Activity:
Which lines mention "media"? Show each one from the listing.

Excerpted records:
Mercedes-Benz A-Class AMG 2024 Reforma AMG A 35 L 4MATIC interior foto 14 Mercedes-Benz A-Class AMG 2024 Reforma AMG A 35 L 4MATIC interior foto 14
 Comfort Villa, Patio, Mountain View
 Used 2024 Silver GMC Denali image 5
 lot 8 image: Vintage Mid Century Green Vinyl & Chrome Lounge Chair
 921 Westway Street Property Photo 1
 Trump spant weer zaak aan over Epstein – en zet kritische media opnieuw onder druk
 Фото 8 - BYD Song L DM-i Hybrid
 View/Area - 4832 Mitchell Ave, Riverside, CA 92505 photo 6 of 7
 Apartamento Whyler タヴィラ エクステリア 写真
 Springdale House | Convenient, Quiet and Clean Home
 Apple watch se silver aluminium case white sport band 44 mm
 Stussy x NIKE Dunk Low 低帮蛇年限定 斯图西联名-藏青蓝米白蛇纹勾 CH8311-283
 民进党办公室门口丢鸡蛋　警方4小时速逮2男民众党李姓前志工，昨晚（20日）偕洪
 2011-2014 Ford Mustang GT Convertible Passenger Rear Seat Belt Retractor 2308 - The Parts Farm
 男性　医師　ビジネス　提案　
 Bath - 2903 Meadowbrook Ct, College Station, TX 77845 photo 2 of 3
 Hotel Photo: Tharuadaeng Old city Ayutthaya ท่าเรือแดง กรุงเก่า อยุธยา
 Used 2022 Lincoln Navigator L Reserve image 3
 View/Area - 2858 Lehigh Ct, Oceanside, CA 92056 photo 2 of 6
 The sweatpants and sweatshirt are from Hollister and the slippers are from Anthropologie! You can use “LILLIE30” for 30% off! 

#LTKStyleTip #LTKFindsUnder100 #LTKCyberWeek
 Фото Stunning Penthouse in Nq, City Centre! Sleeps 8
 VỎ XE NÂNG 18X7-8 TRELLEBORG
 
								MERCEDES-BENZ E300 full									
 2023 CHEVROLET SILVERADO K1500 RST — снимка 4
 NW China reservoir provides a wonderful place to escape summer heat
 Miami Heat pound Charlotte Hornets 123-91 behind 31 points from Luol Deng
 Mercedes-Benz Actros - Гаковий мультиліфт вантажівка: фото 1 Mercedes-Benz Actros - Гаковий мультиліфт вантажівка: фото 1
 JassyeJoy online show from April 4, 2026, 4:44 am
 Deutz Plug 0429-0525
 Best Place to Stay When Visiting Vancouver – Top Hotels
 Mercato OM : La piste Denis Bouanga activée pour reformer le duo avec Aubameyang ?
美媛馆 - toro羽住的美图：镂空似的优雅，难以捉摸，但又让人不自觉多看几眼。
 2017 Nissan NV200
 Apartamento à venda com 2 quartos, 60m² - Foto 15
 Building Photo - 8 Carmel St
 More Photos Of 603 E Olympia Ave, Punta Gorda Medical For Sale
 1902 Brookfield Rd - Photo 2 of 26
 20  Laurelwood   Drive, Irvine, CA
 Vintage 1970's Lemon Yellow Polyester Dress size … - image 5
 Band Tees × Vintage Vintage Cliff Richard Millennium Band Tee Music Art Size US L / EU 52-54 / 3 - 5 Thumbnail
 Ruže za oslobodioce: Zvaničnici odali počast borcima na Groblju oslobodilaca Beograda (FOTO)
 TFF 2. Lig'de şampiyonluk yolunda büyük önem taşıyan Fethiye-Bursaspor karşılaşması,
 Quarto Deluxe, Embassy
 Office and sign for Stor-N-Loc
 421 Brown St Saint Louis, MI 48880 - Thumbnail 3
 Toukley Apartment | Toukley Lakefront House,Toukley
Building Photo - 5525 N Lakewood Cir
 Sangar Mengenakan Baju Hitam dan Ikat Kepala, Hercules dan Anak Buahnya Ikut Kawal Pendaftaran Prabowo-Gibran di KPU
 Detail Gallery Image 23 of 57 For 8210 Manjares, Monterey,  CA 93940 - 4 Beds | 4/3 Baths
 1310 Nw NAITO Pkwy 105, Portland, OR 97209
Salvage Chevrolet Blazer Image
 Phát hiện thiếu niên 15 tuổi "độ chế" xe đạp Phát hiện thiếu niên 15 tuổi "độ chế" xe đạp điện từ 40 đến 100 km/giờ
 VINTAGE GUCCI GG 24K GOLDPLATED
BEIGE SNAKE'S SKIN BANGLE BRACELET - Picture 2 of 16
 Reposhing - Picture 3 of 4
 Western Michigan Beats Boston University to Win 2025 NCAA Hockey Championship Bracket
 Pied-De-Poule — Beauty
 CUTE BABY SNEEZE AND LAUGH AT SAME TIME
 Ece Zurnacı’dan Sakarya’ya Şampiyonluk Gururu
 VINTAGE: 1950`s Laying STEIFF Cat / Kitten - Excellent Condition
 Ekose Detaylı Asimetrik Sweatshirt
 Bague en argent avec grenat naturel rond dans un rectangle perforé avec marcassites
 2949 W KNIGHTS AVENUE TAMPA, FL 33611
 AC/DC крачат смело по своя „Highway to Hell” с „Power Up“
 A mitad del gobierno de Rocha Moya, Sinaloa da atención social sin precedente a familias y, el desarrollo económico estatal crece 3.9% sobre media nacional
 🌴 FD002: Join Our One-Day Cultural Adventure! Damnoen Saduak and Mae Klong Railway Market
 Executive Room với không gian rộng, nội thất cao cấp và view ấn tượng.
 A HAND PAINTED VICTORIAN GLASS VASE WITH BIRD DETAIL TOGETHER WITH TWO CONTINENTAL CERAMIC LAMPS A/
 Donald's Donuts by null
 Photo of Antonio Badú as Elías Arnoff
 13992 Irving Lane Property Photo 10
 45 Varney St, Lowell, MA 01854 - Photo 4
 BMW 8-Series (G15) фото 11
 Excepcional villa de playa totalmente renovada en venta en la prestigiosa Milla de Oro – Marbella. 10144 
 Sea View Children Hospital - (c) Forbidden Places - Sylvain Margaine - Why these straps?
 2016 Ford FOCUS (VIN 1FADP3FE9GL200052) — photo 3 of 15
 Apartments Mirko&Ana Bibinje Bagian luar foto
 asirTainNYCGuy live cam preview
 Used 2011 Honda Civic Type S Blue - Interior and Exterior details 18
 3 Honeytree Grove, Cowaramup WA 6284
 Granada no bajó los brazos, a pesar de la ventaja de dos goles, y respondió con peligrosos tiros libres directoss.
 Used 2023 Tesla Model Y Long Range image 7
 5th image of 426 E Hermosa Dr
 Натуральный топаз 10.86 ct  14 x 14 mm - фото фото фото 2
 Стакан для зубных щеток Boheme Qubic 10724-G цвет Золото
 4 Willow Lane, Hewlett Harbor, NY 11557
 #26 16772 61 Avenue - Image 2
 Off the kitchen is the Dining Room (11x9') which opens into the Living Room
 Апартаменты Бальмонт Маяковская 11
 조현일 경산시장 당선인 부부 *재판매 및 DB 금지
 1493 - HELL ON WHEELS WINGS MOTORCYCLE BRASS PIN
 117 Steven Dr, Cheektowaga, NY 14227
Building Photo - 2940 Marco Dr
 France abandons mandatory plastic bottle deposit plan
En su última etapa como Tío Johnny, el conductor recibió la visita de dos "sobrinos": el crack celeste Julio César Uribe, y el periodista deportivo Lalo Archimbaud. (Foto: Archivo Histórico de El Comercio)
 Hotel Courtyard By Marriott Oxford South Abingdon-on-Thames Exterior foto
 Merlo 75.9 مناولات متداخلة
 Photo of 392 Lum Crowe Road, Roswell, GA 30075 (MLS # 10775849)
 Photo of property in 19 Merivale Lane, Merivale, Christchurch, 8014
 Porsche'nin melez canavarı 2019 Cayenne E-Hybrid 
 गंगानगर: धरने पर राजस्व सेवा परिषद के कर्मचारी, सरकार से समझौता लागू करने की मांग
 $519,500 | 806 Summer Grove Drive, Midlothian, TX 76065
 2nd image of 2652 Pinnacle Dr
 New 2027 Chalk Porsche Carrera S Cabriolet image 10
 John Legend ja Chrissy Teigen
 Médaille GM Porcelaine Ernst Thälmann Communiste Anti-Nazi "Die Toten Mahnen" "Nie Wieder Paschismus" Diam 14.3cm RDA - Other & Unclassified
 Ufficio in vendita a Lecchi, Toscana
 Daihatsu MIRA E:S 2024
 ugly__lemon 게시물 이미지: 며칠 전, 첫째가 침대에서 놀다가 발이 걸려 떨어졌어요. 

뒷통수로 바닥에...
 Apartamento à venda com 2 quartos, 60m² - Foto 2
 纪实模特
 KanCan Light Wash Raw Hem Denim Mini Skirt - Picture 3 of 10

Response area:
 Trump spant weer zaak aan over Epstein – en zet kritische media opnieuw onder druk
 A mitad del gobierno de Rocha Moya, Sinaloa da atención social sin precedente a familias y, el desarrollo económico estatal crece 3.9% sobre media nacional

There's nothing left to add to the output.